# Task details:
Copy out the whole listing exactly as written, leaving the pictures behind.

# Collected data:

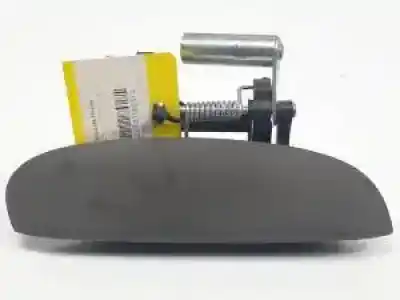 Second-hand car spare part exterior right rear door handle for hyundai i10 i (pa) 1.1 oem iam references 836600x000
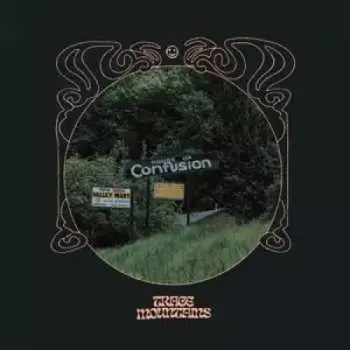 CD Trace Mountains: House of Confusion DIGI
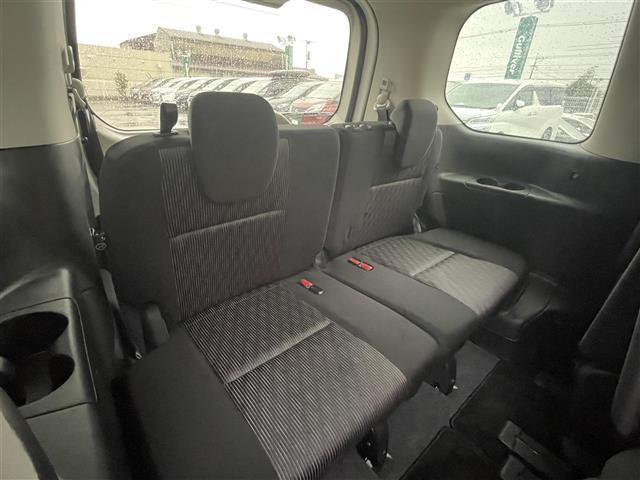 セレナ ハイウェイスターV 純正9インチメモリーナビ(フルセグTV・CD・DVD・BT) アラウンドビューモニター プロパイロット エマージェンシーブレーキ 前後コーナーセンサー BSM 両側パワスラ 純正前後ドラレコ ETC(15枚目)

# Exercise answer:
 Second-hand car spare part exterior right rear door handle for hyundai i10 i (pa) 1.1 oem iam references 836600x000
 CD Trace Mountains: House of Confusion DIGI
 セレナ ハイウェイスターV 純正9インチメモリーナビ(フルセグTV・CD・DVD・BT) アラウンドビューモニター プロパイロット エマージェンシーブレーキ 前後コーナーセンサー BSM 両側パワスラ 純正前後ドラレコ ETC(15枚目)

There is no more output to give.